Photographer Vivian Maier: A Search for Her Heir Began with Law School Studies…

September 7, 2014

One of the challenges of teaching a course called Wills, Trusts, and Estates, is drawing diagrams to chart intestate succession in an effort to explain what happens when you don’t create an estate plan (or your written estate plan has gaps or defects).   I’m always looking for good stories to incentivize my students.

That’s one reason why I found “The Heir’s Not Apparent” by Randy Kennedy so interesting, as the New York Times writer describes the search for missing heirs of American photographer Vivian Maier, who died in 2009, apparently without a will.   According to the article, a suit to establish the rights of a previously unknown heir, a first cousin in France,  has been filed by Virginia attorney David Deal (himself a photographer), “who said he became fascinated with Maier’s life in law school and took it upon himself to try to track down an heir.” 

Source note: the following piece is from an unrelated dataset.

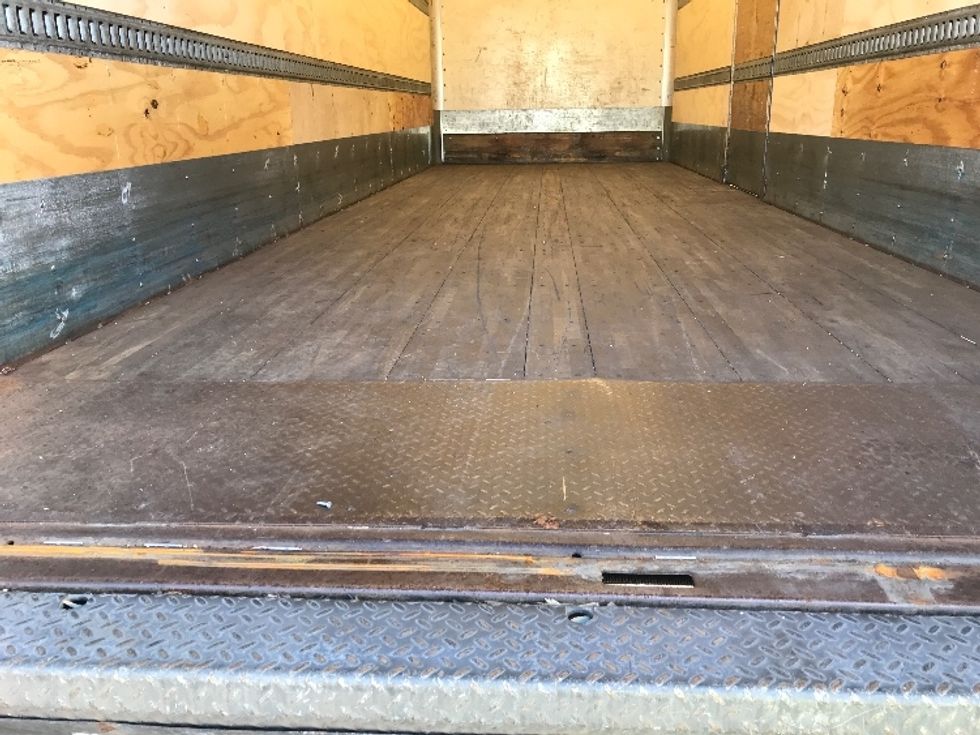 Medium Duty Box Truck-Light and Medium Duty Trucks-Freightliner-2019-M2-Auburn-MA-236,733\n\t\tmiles-$ 53,250 - Image 10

Maier’s post-death fame as a “street photographer” has created a market for her huge cache of mostly unpublished photos, part of which was purchased by an individual for $380 in a thrift auction in Chicago.  However, the suit rests on the premise that “[u]nder federal copyright law, owning a photographer’s negative or a print is distinct from owning the copyright itself.  The copyright owner controls whether images can be reproduced and sold.”

A 2014 documentary, Finding Vivian Maier, helps to give “color” to her interesting story of a life quietly filled with black and white photographs.